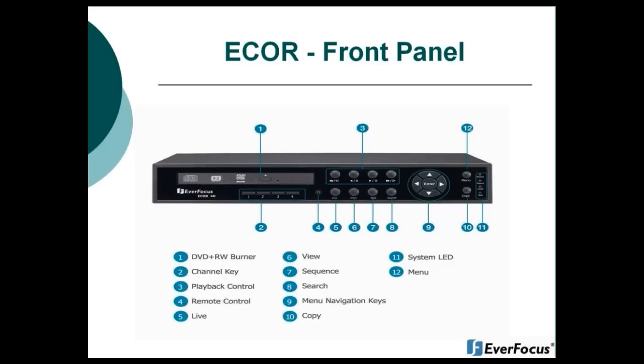Item nine is your menu navigation keys. If you do not choose to use the USB mouse to control the eCore, you can control the DVR right from the front panel using those navigation keys. Item ten is your copy menu, which will bring you into the copy menu. Item eleven is your system LEDs, which consist of power, alarm, hard drive, and network indicators. Item twelve is your menu key, which will bring you into the menu.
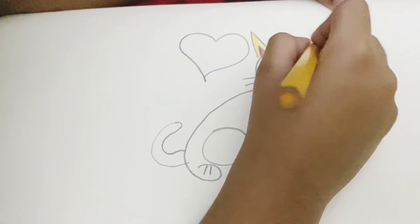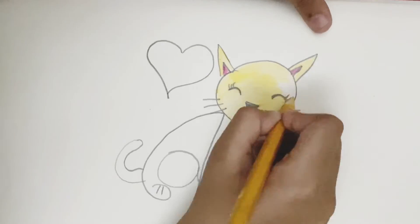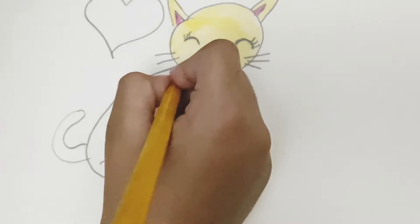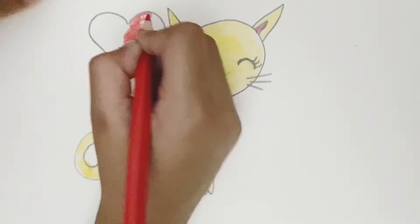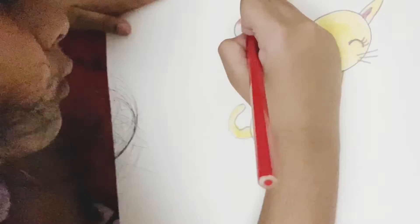I am going to show you the color. Do you want this color? So I am coloring right now and this is a golden color yellow, and I am going to do the heart red. I am coloring the color.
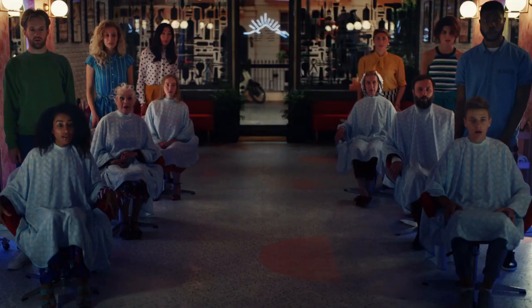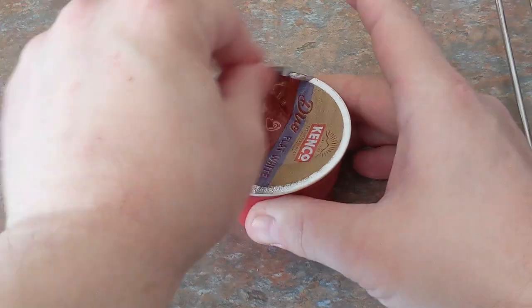What's that you got there babes? This is the new Kenco Duo Cappuccino. How do you make one? I'm glad you asked. Milk comes first.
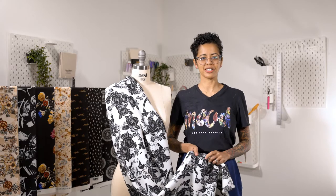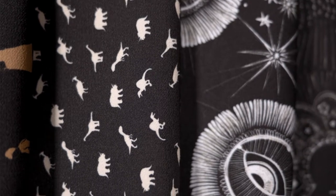Hi! Welcome to MoodFabrics.com. This stretch polyester crepe is available in a wide variety of prints.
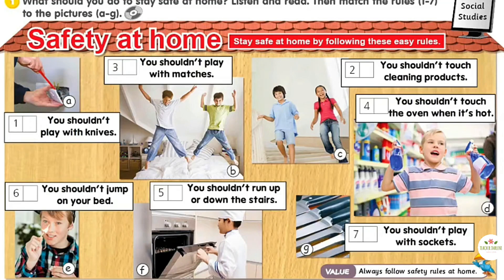Safety at home. Stay safe at home by following these easy rules. 1. You shouldn't play with knives. 2. You shouldn't touch cleaning products. 3. You shouldn't play with matches.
══════════════════════════════
**Problem to solve**
Give back an exact copy of the material above, omitting the pictures.

**Exercise answer**
Item nine is your menu navigation keys. If you do not choose to use the USB mouse to control the eCore, you can control the DVR right from the front panel using those navigation keys. Item ten is your copy menu, which will bring you into the copy menu. Item eleven is your system LEDs, which consist of power, alarm, hard drive, and network indicators. Item twelve is your menu key, which will bring you into the menu.
I am going to show you the color. Do you want this color? So I am coloring right now and this is a golden color yellow, and I am going to do the heart red. I am coloring the color.
What's that you got there babes? This is the new Kenco Duo Cappuccino. How do you make one? I'm glad you asked. Milk comes first.
Hi! Welcome to MoodFabrics.com. This stretch polyester crepe is available in a wide variety of prints.
Safety at home. Stay safe at home by following these easy rules. 1. You shouldn't play with knives. 2. You shouldn't touch cleaning products. 3. You shouldn't play with matches.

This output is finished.